- Aim of the exercise
From the entries below, transcribe exactly the lines between the line holding "News Full App" and the line holding "TriDevi Photo Frame", inclusive; skip all other lines.

*** Opening of Data shown ***

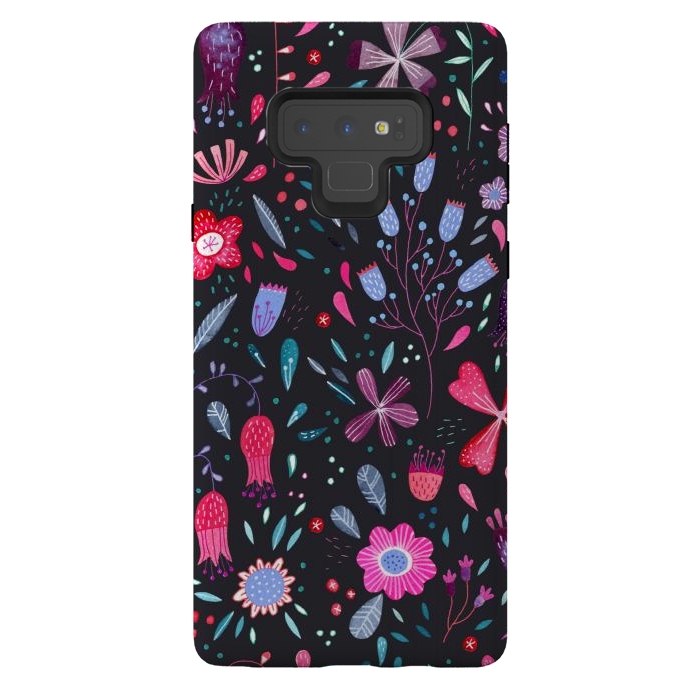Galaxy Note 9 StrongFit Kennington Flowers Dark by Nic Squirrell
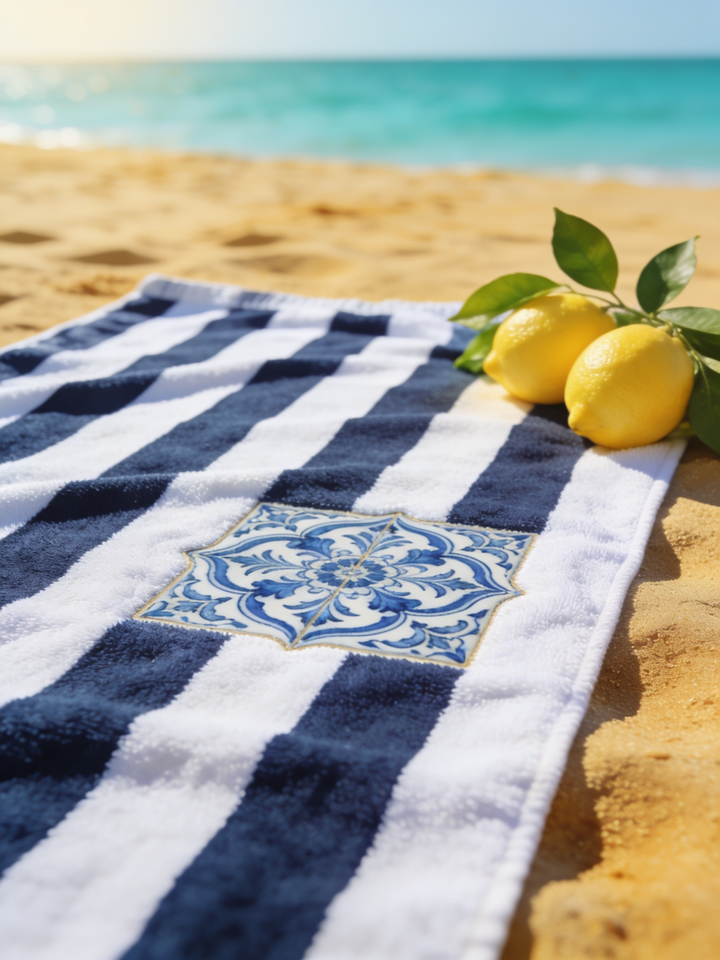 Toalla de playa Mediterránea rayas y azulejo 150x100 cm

*** Close of Data shown ***
*** Opening of Data shown ***

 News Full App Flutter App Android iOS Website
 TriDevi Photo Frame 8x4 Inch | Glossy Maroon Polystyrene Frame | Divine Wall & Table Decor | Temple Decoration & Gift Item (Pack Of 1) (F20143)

*** Close of Data shown ***

- Reply
 News Full App Flutter App Android iOS Website
 TriDevi Photo Frame 8x4 Inch | Glossy Maroon Polystyrene Frame | Divine Wall & Table Decor | Temple Decoration & Gift Item (Pack Of 1) (F20143)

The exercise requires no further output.